The official, who spoke on condition of anonymity, said that the FBI contracting team is getting advice from Aerospace Corp. of Columbia, Md., and Mitre Corp. of McLean, Va., and likely will award the contract in January. Industry sources echoed the official's statements.

"They are getting close [to an award,]" the bureau official said.. "They had some clarification questions [for Northrop Grumman and Lockheed]," the official added.

The Sentinel contract could be worth up to $170 million, according to the consulting firm Input of Reston, Va.

The FBI earlier had planned to award the contract this month.

Another federal official familiar with the project said the bureau is facing close scrutiny from Congress in the purchasing decision.

The GAO letter describing the Sentinel risks responded to questions from Rep.
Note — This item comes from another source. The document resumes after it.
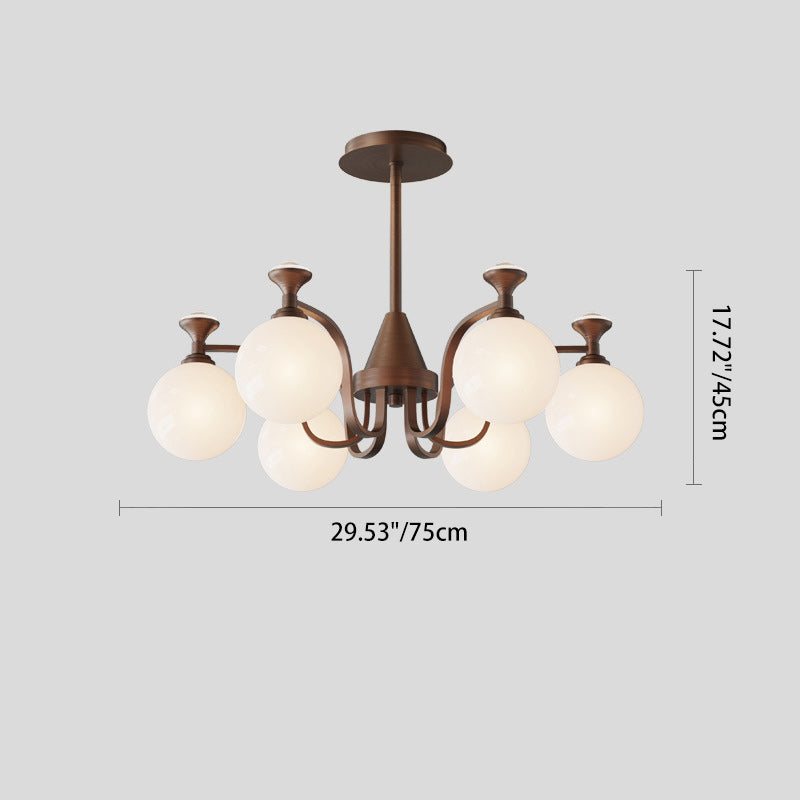 Contemporary Retro Hardware Glass Ball Projection 3/6/8/10 Light LED Chandeliers For Living Room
Frank Wolf (R-Va.), chairman of the Appropriations Committee Subcommittee on Science, the departments of State, Justice and Commerce and related agencies.

The auditors noted in their letter that urgent and compelling mission needs could justify proceeding with a major IT project even if an agency does not have a complete EA. "A key to dealing with this practical reality is recognizing that doing so increases the risk of deploying systems that are duplicative, not well integrated and unnecessarily costly to operate and interface," according to GAO.

The auditors stated that the bureau had taken some steps to reduce the risk of proceeding with Sentinel. But they went on to criticize the bureau's poor oversight of its EA contractor, which is working without performance-based contracting controls.

The lack of performance-based controls "has inhibited the bureau's ability to adequately define product quality expectations, which in turn increases the chances that delivered products will require rework," according to the letter. The bureau plans to develop and fully implement the contract controls next year, GAO said.

The bureau faces additional risks because of problems with its human capital programs, according to GAO. For example, at one point recently, four out of five key architect positions were vacant, even though the FBI has special legal authority to pay employees as much as $175,000 or more to attract managers, according to the letter.

The bureau now is in the process of hiring a human capital contractor to pinpoint gaps between the bureau's need for employee training, pay and nonpay incentive plans as well as professional development practices and its existing practices, GAO said.

The GAO cited a study by the National Academy of Public Administration that reported problems with the bureau's personnel policies and called for improvements.

The bureau official defended the FBI's progress on personnel issues, saying that CIO Zalmai Azmi "has put a significant amount of personal and organizational energy into improving personnel [practices]."

The FBI official, when told of the GAO letter, said, "This is a whole new threshold. I am not accustomed to GAO audits before the start of a project."

Lockheed Martin confirmed that it is bidding on the contract. Northrop Grumman did not comment on Sentinel. FBI public affairs officials were preparing an official response to the letter this afternoon.